Lack of jurisdiction was not raised by Mrs. Crowe in her motion to set aside the judgment, but was raised by the court during the hearing. Parties to a divorce may by their actions concede and confer jurisdiction on a superior court to grant a divorce. Williams v. Pique, 234 Ga. 344 ( 216 S.E.2d 100) (1975); Smith v. Smith, 243 Ga. 525 ( 255 S.E.2d 46) (1979). Mrs. Crowe signed an acknowledgment of service and separation agreement in the original action, and there is evidence to support the trial court's finding she had knowledge the divorce was granted. She would therefore be estopped from attacking the decree on that ground. Williams, supra.
The court below found Mrs. Crowe had "unclean hands" and had participated in causing the judgment to be "a sham." Under such circumstances, she would not be entitled to relief from that judgment. Corder v. Fulton Nat. Bank, 223 Ga. 524 ( 156 S.E.2d 452) (1967). In Corder, we held that one who participates in fraudulently procuring a divorce decree may not then go into equity to have the decree set aside, even though the divorce decree was allegedly void due to the continuous cohabitation of the parties after the action was filed. Whether Mrs. Crowe's petition is considered a motion under Code Ann. § 81A-160 (d) or a complaint in equity under § 81A-160 (e), she would not be entitled to relief on the facts of this case.

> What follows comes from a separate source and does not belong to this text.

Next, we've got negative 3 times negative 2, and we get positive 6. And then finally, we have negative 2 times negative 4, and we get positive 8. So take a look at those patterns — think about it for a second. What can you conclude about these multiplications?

The issue is whether or not the trial court had some other authority for setting aside the judgment after the term in which it was rendered.
It is well settled that a judgment is in the breast of the court during the term in which it is rendered, and the judge may set it aside in the exercise of his discretion. Staten v. Staten, 240 Ga. 478 ( 241 S.E.2d 237) (1978). Bank of Cumming v. Moseley, 243 Ga. 858 ( 257 S.E.2d 278) (1979), held the trial judge could exercise his inherent power to set aside a judgment, even though he denied the moving parties' prayers for relief under § 81A-160, as long as the term of court had not ended.
In Holloman v. Holloman, 228 Ga. 246 ( 184 S.E.2d 653) (1971), the judge who had entered the divorce decree set it aside at a subsequent term, finding there had been "a great deal of misunderstanding" at the time the original judgment was entered. This court reversed, holding "The trial court was not authorized at a subsequent term of court to set aside a final judgment rendered at a prior term except as provided in Code Ann. § 81A-160." Id. at 248.
Since the party seeking to set the judgment aside was not entitled to relief under § 81A-160 (b), and the judgment was not void on its face, the court below erred in vacating its former judgment after the term of court in which it was entered.
Judgment reversed. All the Justices concur.